1. Just when it seemed that mainstream economists were going to have to reinvent Keynes, based on the lessons of the past few years, lessons indicating that a bull market cannot last forever and that capitalism remains boom and bust, with the only the intensity of hardship changing, the entire scene was eclipsed. The world has been catapulted into hyper-reality, with a welter of legislation, covert and overt operations vainly attempting the suspension of a system gone bust. In the name of fighting terrorism, corporate giveaways, hefty tax cuts and the "benign" neglect of the lowest 40 percent of income earners rule the day. What signifies the post-real condition of the present politic is that the pretense that these reforms are for the nation writ large -- or, as is sometimes gloriously maintained, for the workers -- is all but worn away and it seems to matter little.

Seven, Maybe Ten, Degrees of Separation

2. Grover Norquist, the "field marshal" of the Bush Tax Plan wants "to cut government in half in twenty-five years . . . to get it down to the size where we can drown it in the bathtub."2 Norquist explained that after the Spring 2001 tax cuts Bush would come back for more in 2002 by giving tax breaks to special interests, which could be promoted, say, in the name of "international competitiveness." Fortunately for Norquist, the one-size-fits-all solution simply meant that what would have been pushed in the name of "international competitiveness" in the best of times, would be pushed in the name of "economic stimulus" in the worst.

3. Beginning with the work of noted economist Dale Jorgenson in the 1960s, economists have consistently found that the cost of capital plays a small role in determining investment; the much bigger player is sales growth. While capitalists have access to economic surplus, and they would normally seek to ensure the enhancement of their wealth through investment of capital goods and new productivity, they will not seek this investment if production is already operating at overcapacity. Without the prospects for increased growth of sales domestically and abroad, business has no reason to undertake risky investment. Therefore, tax cuts that are normally touted for their supply-side effects are inappropriate for short-term stimulus because they do not directly address the current problem of the economy's short-term inability to use its existing capacity to produce goods and services. Tax cuts scheduled for the future actually exert a negative effect on the economy in the short run by immediately raising long-term interest rates and thereby increasing the cost of business investment and home mortgages. Interest rate adjustments also gloss over the economy's principal problem: a consumption shortage, with a total demand gap estimated at $400 to $500 billion. This lowered demand implies a shrinking GDP, lay-offs and bankruptcies while increasing the likelihood of global dumping.

4. While economists scratch their heads looking for ways to resurrect the economy, Tom Delay (R-Texas) knows just what to do.
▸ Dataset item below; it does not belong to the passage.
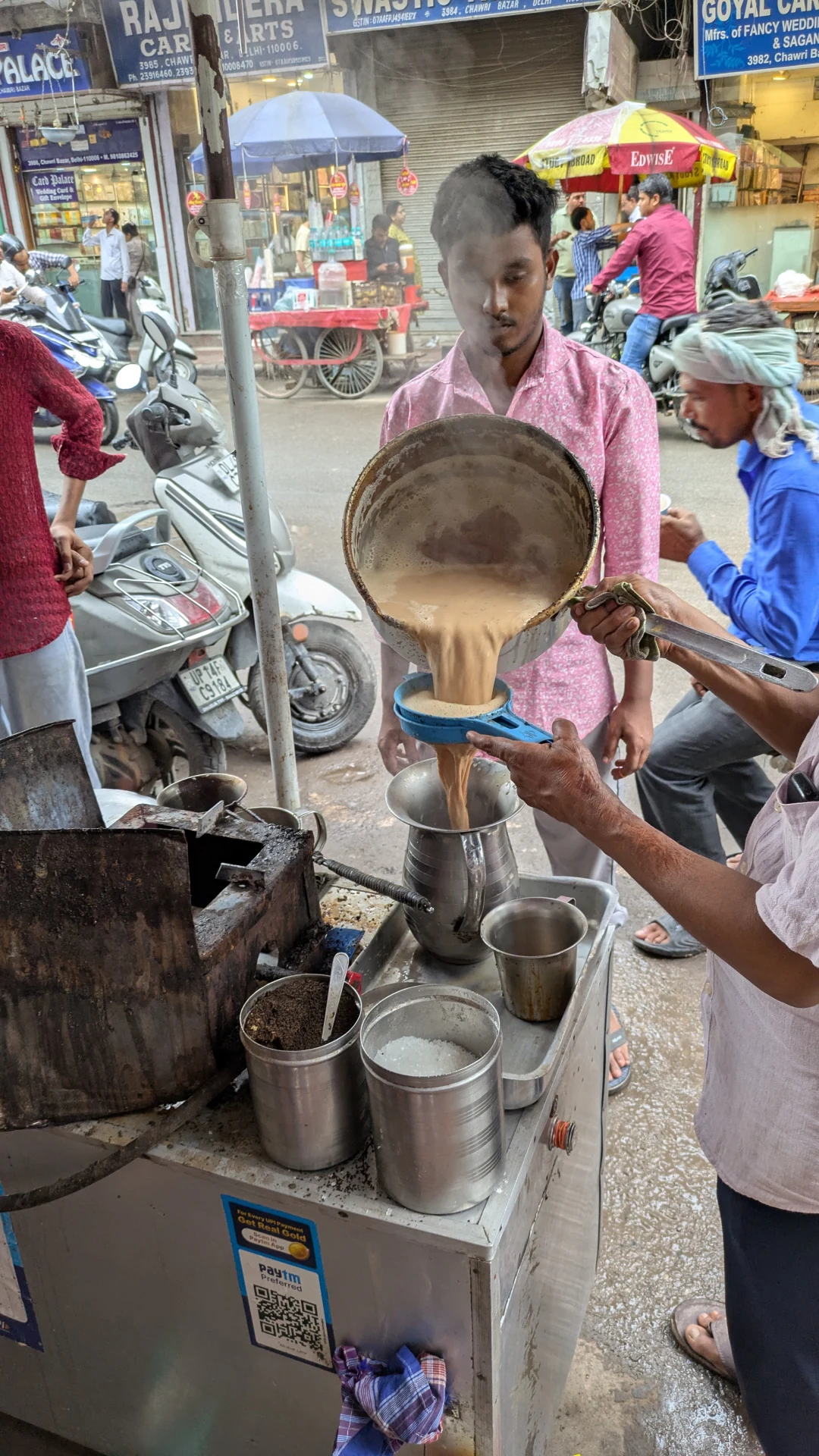 1965.26.08.14.Delhi - bazar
Delay connects the dots of economic growth: tax breaks, like lowering capital gains, will stimulate the economy, will put more capital in the markets, which means there are more jobs, which means that there are more people paying taxes, which means there is more revenue coming into government.3 Bush goes even further in his reductionist approach, explaining that tax cuts are good for the people affected by 9-11 and entrepreneurs: it encourages investment; it encourages employment.4 According to Delay and Bush, the fact that tax cuts for the rich will result in jobs for the poor is a no-brainer; it is only the historical record that stands as counterfactual.

5. The original post 9-11 Economic Security and Recovery Act, which passed the House in November to go on to become The Job Creation and Worker Assistance Act of 2002, in many ways resembled the Spring 2001 tax cut plan. That is, both pushed the GOP line of more tax cuts for the highest 30 percent of the population and corporate giants. In addition to recommending the permanent repeal of the estate tax, the President proposed accelerating implementation of the 25 percent income tax rate, allowing much larger depreciation deductions for business, modifying the Corporate Alternative Minimum Tax, and extending tax breaks for financial corporations overseas. According to the Congressional Budget Office (CBO), none of these proposals would have generated short-term stimulus, as was needed to promote consumer spending. At far remove from short-term stimulus, the CBO concluded that the acceleration of the 25 percent income tax rate would not only fail as stimulus, but it would only benefit the top quarter of tax filers.5 Similarly, modifying the Corporate Alternative Minimum Tax would mean that many companies would pay zero federal income tax in perpetuity -- a loss of more than $12 billion in revenue next year alone. It would also be an enormous cost to government, as it called for a $25 billion refund to corporations for tax paid in the last fifteen years. Equally untenable was the proposal to extend tax breaks for financial corporations overseas, whereby 96 percent of the $9 billion tax benefits/loss would come in the years following 2002.6 Although the depreciation deductions for business could have worked as short-term stimulus, its potential was quickly undermined when it included the extension of depreciation provisions for three years rather than one, detracting from the likelihood of immediate investment.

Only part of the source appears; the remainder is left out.